TrunkSpace: Because it’s tough to turn off life, right? You can’t flick that switch.
Ogden: Yeah. And some days I just really don’t feel like doing it either, but we have to push each other and try and get each other to that place. And Luis, he’s definitely the more aggressive component of The Dollyrots and so he likes to get a little bit more amped up in his writing and that is not the way I like to write. I like it to be easy, cool, natural, floating down from the ether. So, we do butt heads sometimes depending on the style of song that we’re writing. If we’re writing more aggressive songs, like “City of Angels,” he’s like, “You’re softening it. You’re softening it. I want it to be this.” So, that is a struggle.

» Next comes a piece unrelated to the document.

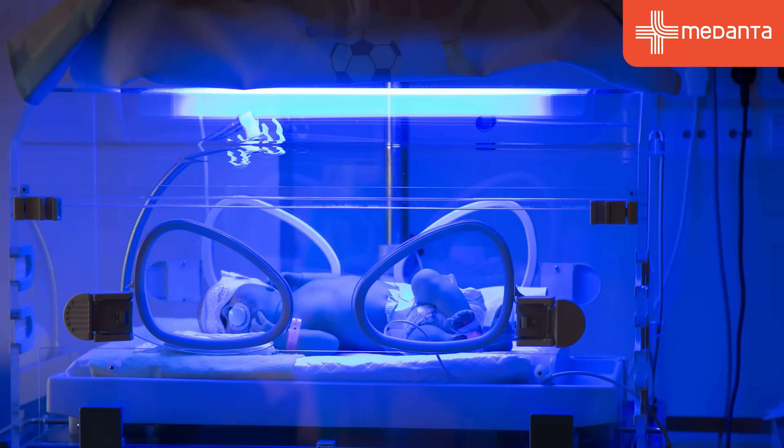If the levels are high, we may need to give the baby phototherapy, which is a simple treatment usually given in the NICU. We keep the baby under special lights that change the chemical character of bilirubin so that the kidney can remove it from the system without the liver needing to process it.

TrunkSpace: When all is said and done and you hang up your bass guitar, what do you hope your legacy is? What do you want to be remembered for musically?
Ogden: Definitely a girl onstage with an instrument playing music that is not a terrible influence. I hope that I inspire people to do something artistic, whether they’re kids or grownups. I’ve had a lot of adults say, “I feel like without seeing you up there, I wouldn’t have tried to learn an instrument.” And I’m like, “You can do it. It’s not hard. Learn our songs. You can totally do this.” So, I just really want people to feel encouraged to try and find a way to have an outlet. And more than anything, our music is just there to make people feel better. We’re political people. We are deep people, emotionally, but we try to keep the music in a place where you can listen to it and it can make you feel better. If you really want to look deeply into our lyrics then it can make you feel terrible too, but at least on the surface we want to be a feelgood thing in people’s lives and so we try and keep it at that.

Daydream Explosion” drops July 12 on Wicked Cool Records. Their latest single, “I Know How to Party” is available now.